==== RECORDS SUPPLIED ====

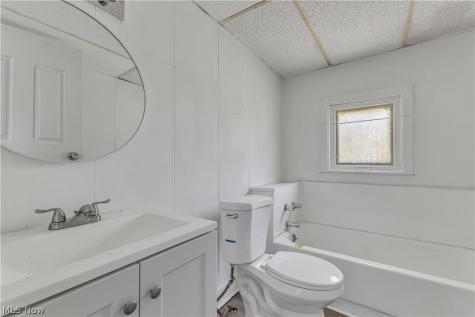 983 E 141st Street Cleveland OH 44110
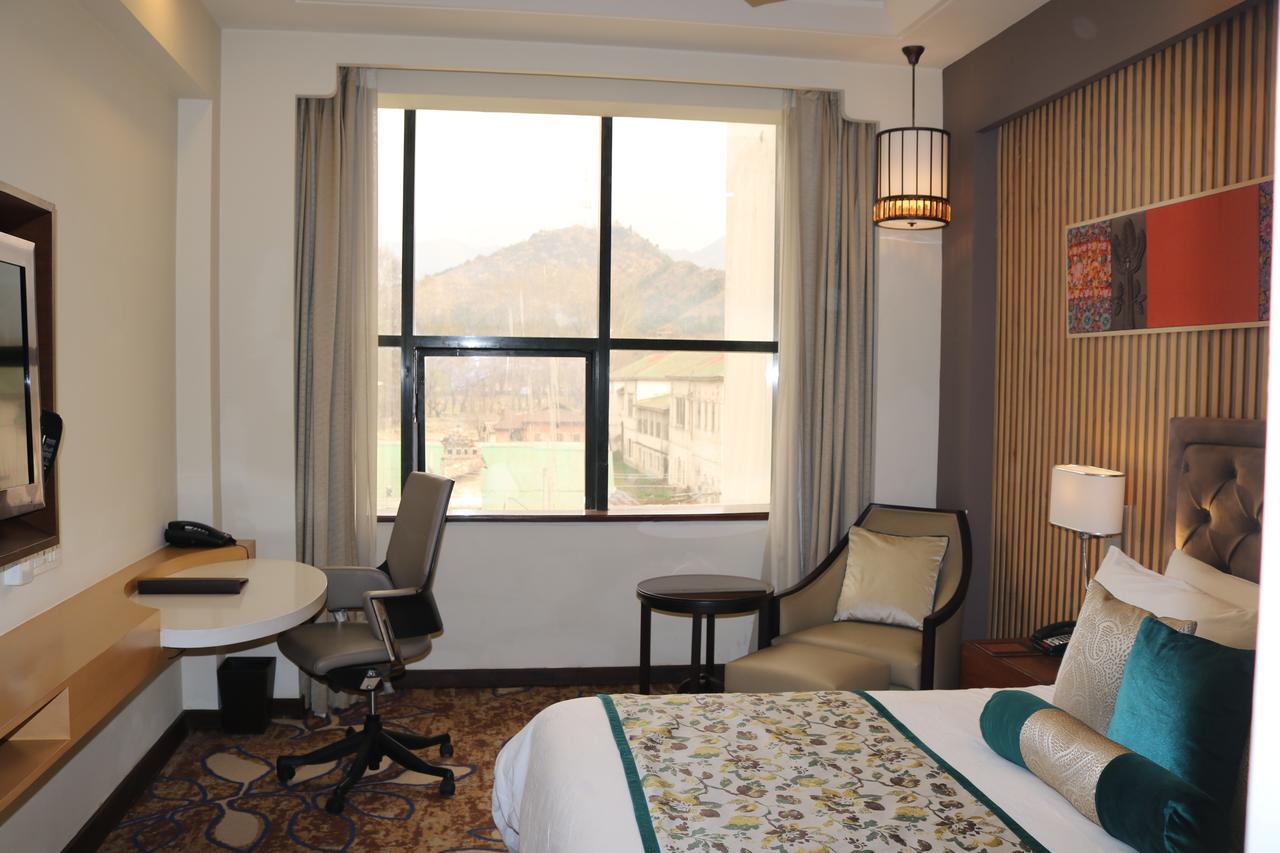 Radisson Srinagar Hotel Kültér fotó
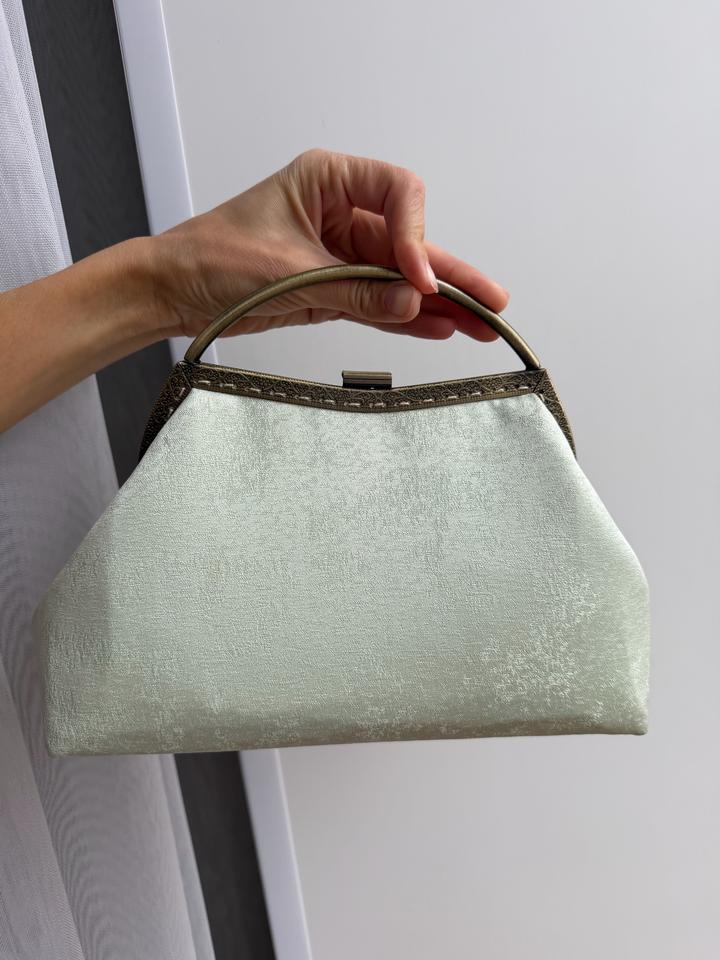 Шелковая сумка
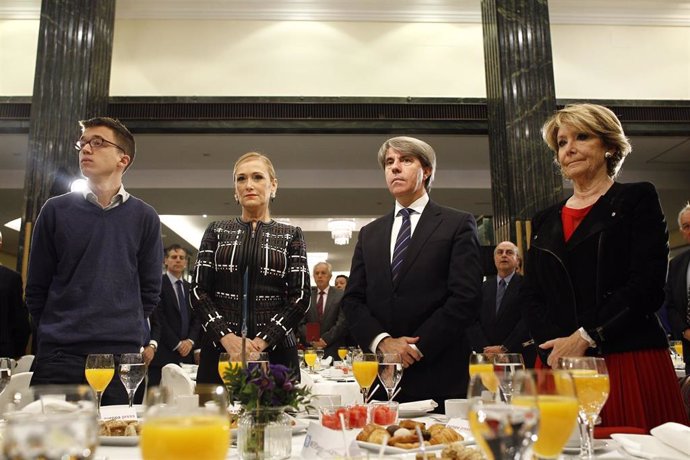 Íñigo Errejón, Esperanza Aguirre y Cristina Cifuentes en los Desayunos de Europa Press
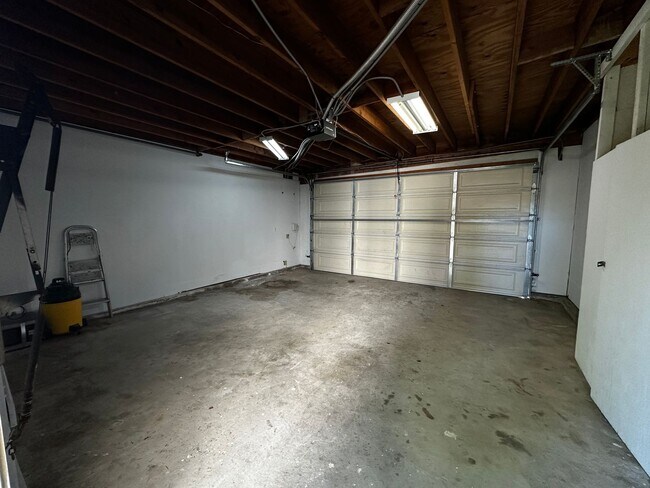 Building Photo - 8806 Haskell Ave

====

> WHAT YOU ARE ASKED TO DO:
Copy out the lines above in full and unaltered, apart from the pictures.

> REPLY TO THE EXERCISE:
 983 E 141st Street Cleveland OH 44110
 Radisson Srinagar Hotel Kültér fotó
 Шелковая сумка
 Íñigo Errejón, Esperanza Aguirre y Cristina Cifuentes en los Desayunos de Europa Press
 Building Photo - 8806 Haskell Ave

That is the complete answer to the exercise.